In the end, the aimless dialogue does in Wanda June. Some lines are crisp--like when Ryan tells us that "educating a beautiful woman is like pouring honey into a fine Swiss watch. Everything stops. "We laugh nervously as we wonder where the plot is taking us--and we discover the answer is nowhere. The world around Harold Ryan deteriorates as his wife, son, and friends leave him and he is left weaponless without his mind for his final battle with suitor Woodly. We watch Ryan struggle to salvage his own faith in himself. But, like Ryan, at the play's end, we've been brought from nowhere to nowhere.

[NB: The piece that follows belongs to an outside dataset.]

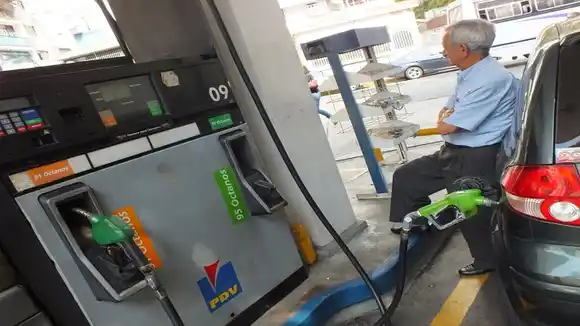 Venezuela en destrucción: 42% de producción de gasoil debe enviarse a Cuba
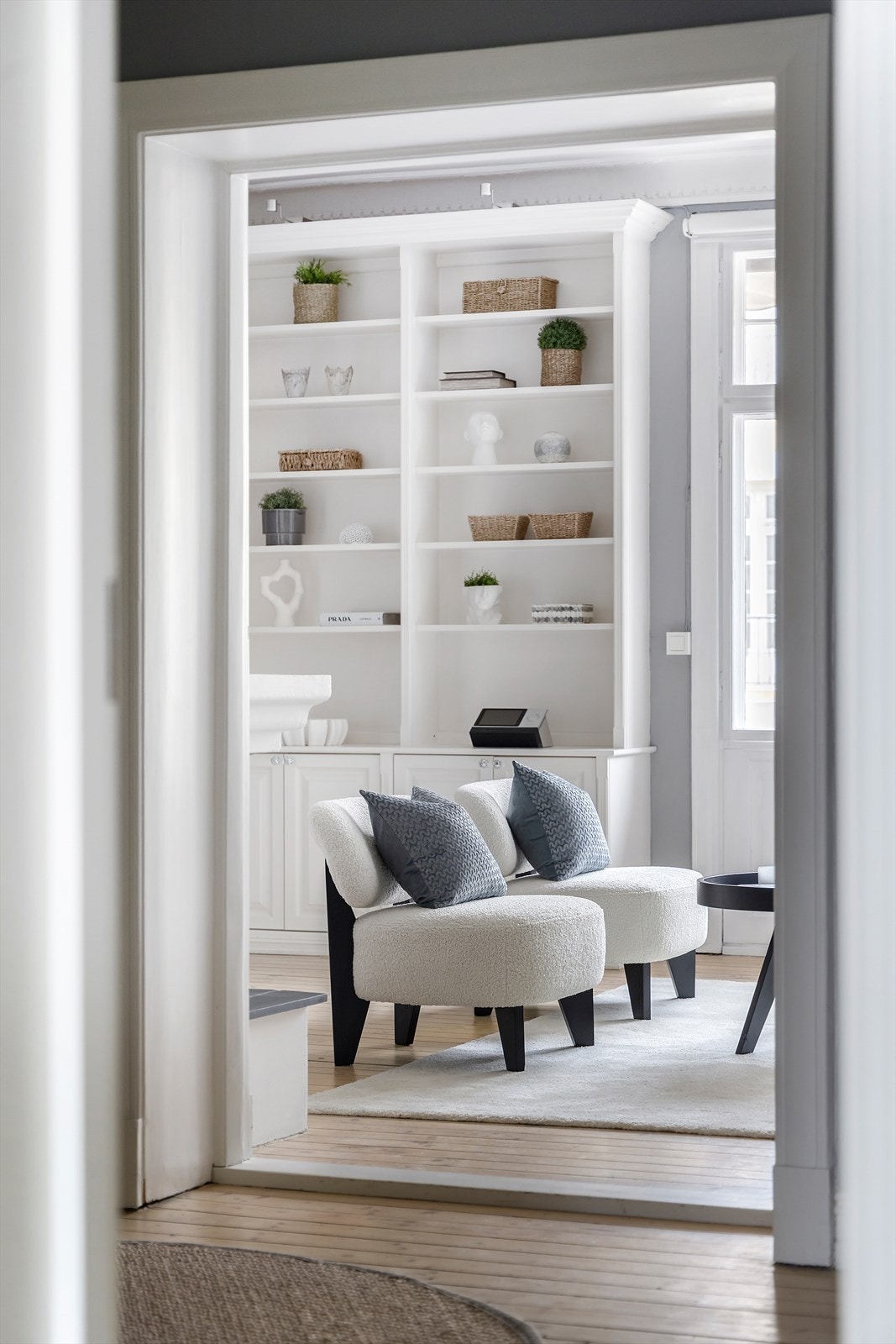 Fra stuen trer man ut i hallen og videre til boligens soverom og bad. Galleribilde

Vonnegut's play is unfinished and unpolished, no, for the most part, is Kirkland's production of it. And with a lousy script and poor tuning it's easy to understand why the actors often seem uninspiring. Had Vonnegut polished his modern-day Odyssey better, perhaps Kirkland could have utilized the talents simmering in most of the cast. But for the time being. You'd do better to stick with Homer.